Is Not Dead Yet good enough  to stay alive? 



Not Dead Yet premiered in early February starring veteran sitcom lead, Gina Rodriguez (Jane the Virgin) as Nell Serrano whose messy life has landed her a job writing obituaries. Unlike most on the obit beat, the ghosts of the deceased she is assigned to write about visit her to tell her about their lives until she submits her article. 

While the premise is fun and Rodriguez has already carried a successful sitcom, it’s still unclear if Not Dead Yet has enough to stay alive. The Conservative Critic asks: Is it entertaining? Does it have artistic/intellectual value? And is it liberal propaganda? 

The Conservative Critic Meter Check: Not Dead Yet 

Overall Rating: Fine 

Not Dead Yet has some potential and charm. The concept that the ghosts of the obituaries visit their writer to help craft the perfect farwell is a fun one that has a lot of opportunity for interesting scenarios that could be funny or heartfelt or both. 

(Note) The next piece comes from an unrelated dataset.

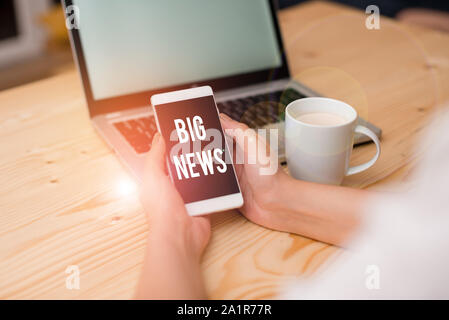 Texte de l'écriture écrit grandes nouvelles. Photo conceptuelle actions savoir personne n'en a entendu parler mais femme journaliste téléporteur de smartphone ordinateur portable m Banque D'Images
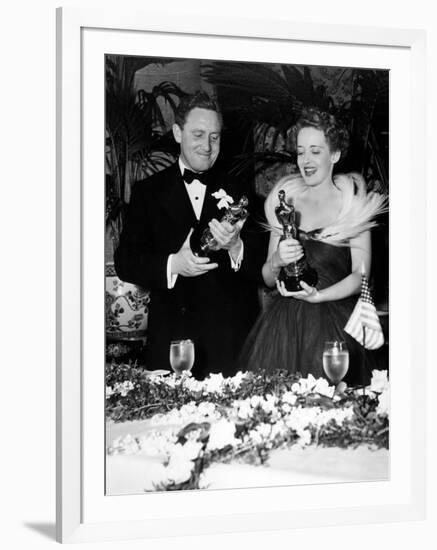 11th Annual Academy Awards, 1938. Spencer Tracy "Boys Town" with Bette Davies "Jezabel"-null-Framed Photographic Print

However, Not Dead Yet does not capitalize on its premise and delivers fairly shallow regurgitated storylines and themes which make absolutely no attempt at originality or even enthusiasm. If not for the very talented supporting cast, Not Dead Yet might be a complete disaster. Because the talent is strong and easy to root for, the show remains just fine and definitely has the opportunity to improve with some stronger writing. 

Is it entertaining? 

Rating: Not bad

The characters are fun and colorful and there is enough interpersonal activity and story to keep viewers watching an episode. However, the plot lines are very predictable. So when the show thinks it’s delivering some big twist, it isn’t one because the plot was so deeply derivative of some sitcom or romcom past that viewers can easily see it all coming. 

It isn’t boring. But it isn’t that interesting. 

Does it have artistic/intellectual value? 

Rating: Decent 

Shows about ghosts are a dime a dozen at this point. The idea that someone is seeing ghosts and interacting in their lives isn’t new and is currently represented in multiple shows across many platforms. So when the writers of Not Dead Yet adapted the story from the Alexandra Potter novel, Confessions of a Forty-Something F*** Up, the decision to add ghosts was a little bizarre (the very well received novel is more about intergenerational friendships and women over 40 discovering life isn’t always as tidy as they thought it would be). 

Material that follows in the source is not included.